Material provided:
+-------+

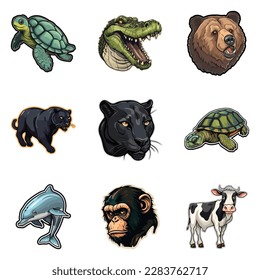 Animals Flat Icon Set Isolated On White Background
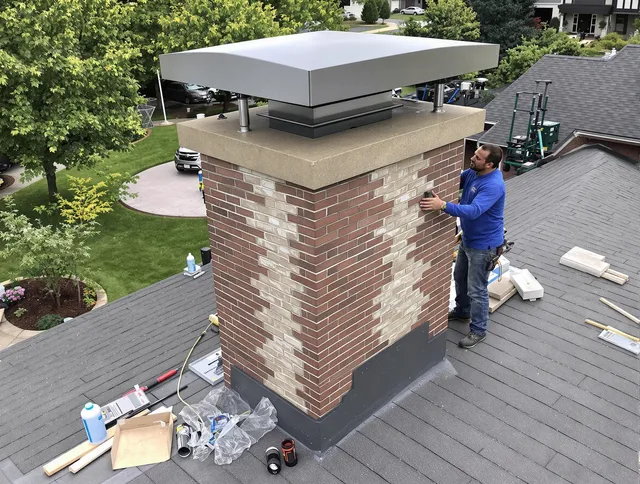 Aliso Viejo Chimney Sweep team working on a custom chimney remodel in Aliso Viejo, CA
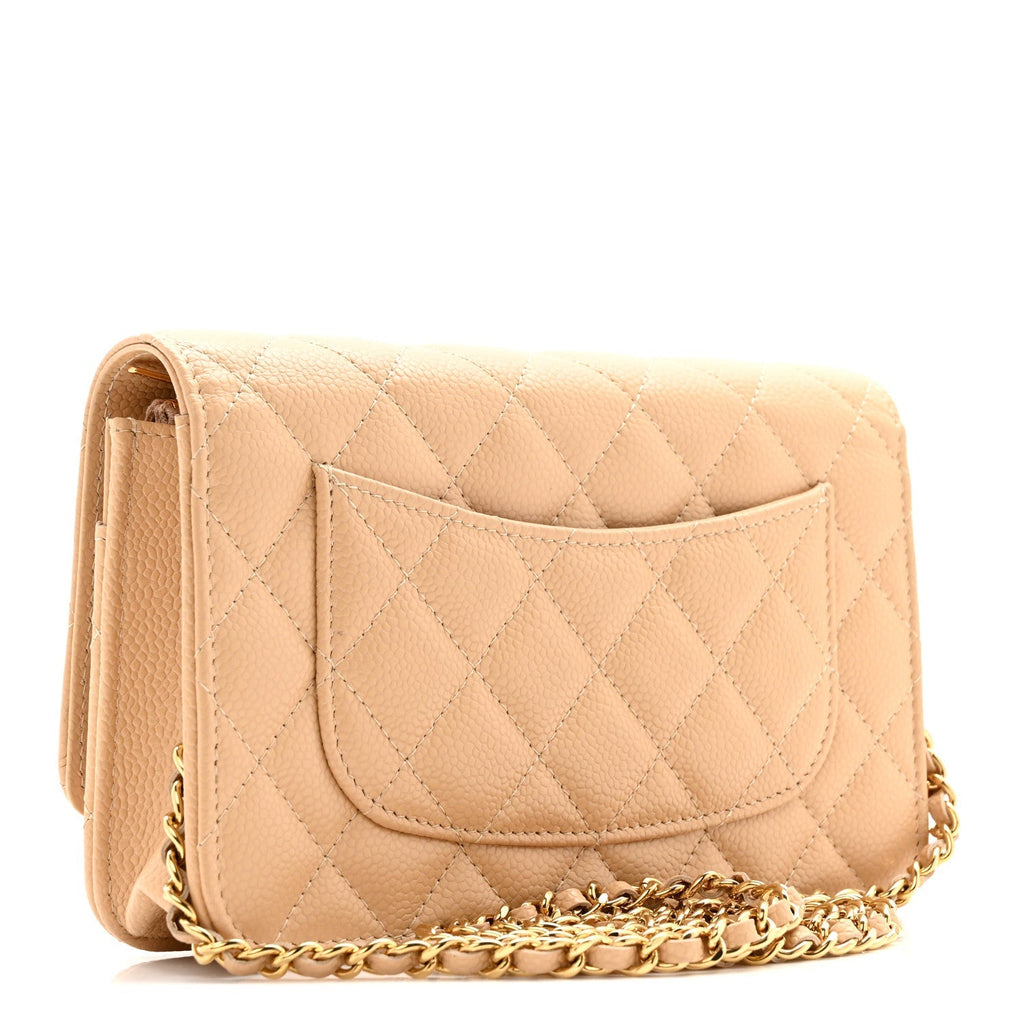 Caviar Quilted Wallet on Chain WOC Beige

+-------+

Exercise aim:
What the answer needs is every line from the one with "Aliso Viejo Chimney" through the last line of the data, reproduced word for word and with pictures omitted.

Answer for the task:
 Aliso Viejo Chimney Sweep team working on a custom chimney remodel in Aliso Viejo, CA
 Caviar Quilted Wallet on Chain WOC Beige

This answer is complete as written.